■ Problem ■
Pictures must not appear in the copy. Restate exactly the lines below from the one with "Hemera Photo Objects" through the one with "CARPIGIANI IC153101460 SHEAVE-GEARBOX", inclusive.

[Recorded information]

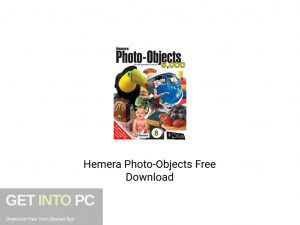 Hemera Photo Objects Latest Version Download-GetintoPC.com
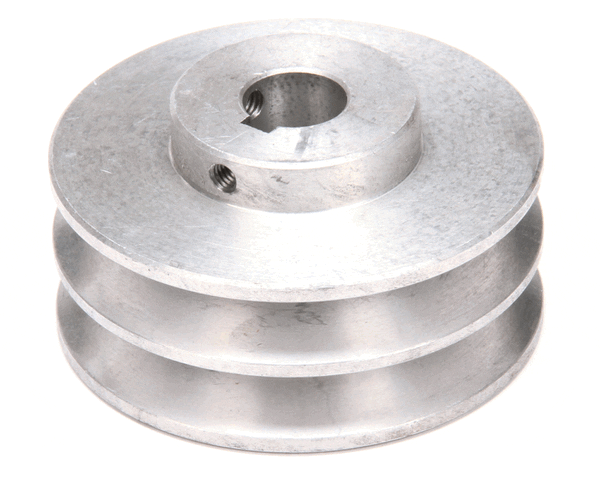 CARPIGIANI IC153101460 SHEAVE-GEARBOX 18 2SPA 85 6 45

[/Recorded information]
[Recorded information]

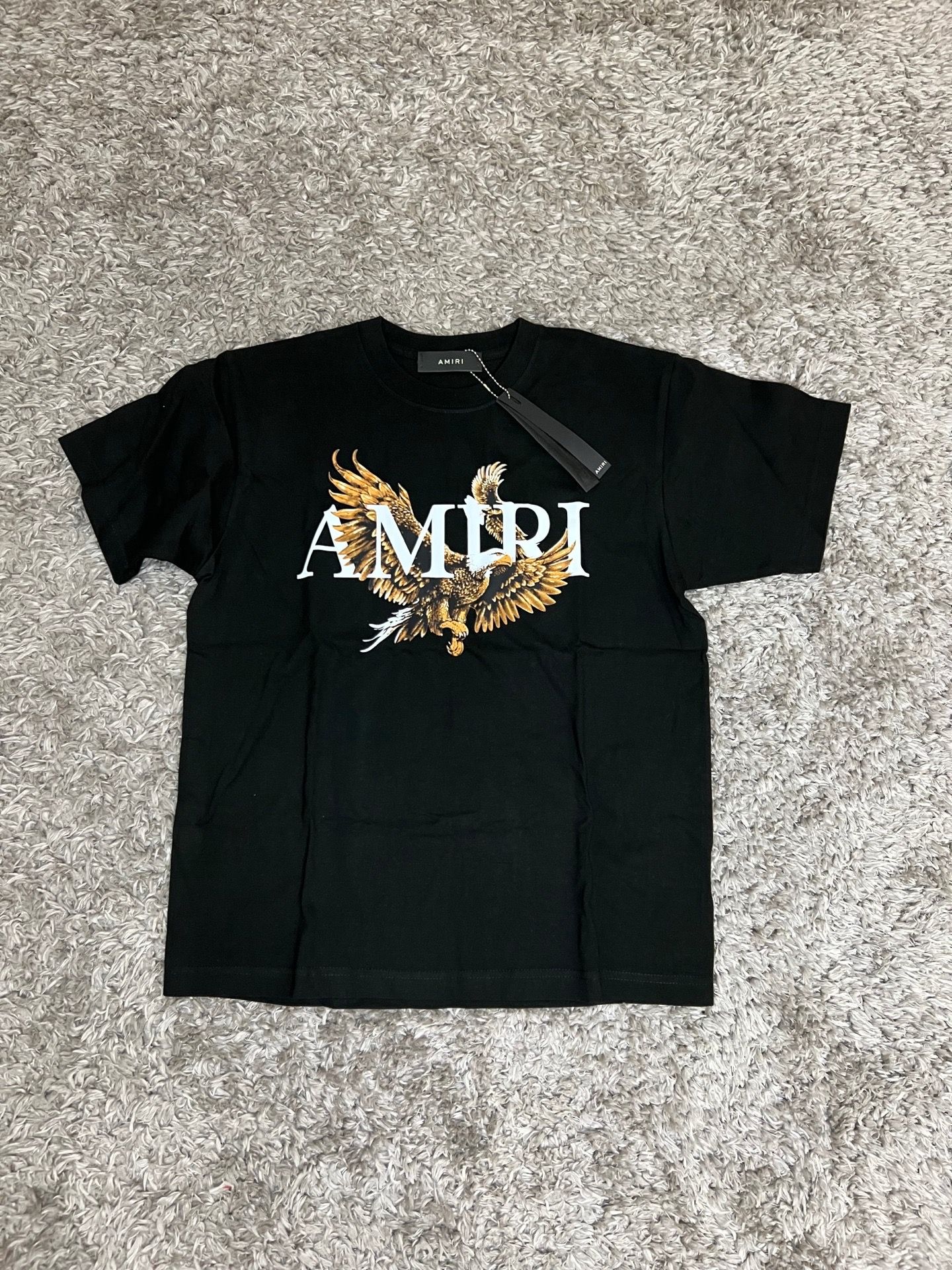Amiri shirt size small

[/Recorded information]

■ Response box ■
 Hemera Photo Objects Latest Version Download-GetintoPC.com
 CARPIGIANI IC153101460 SHEAVE-GEARBOX 18 2SPA 85 6 45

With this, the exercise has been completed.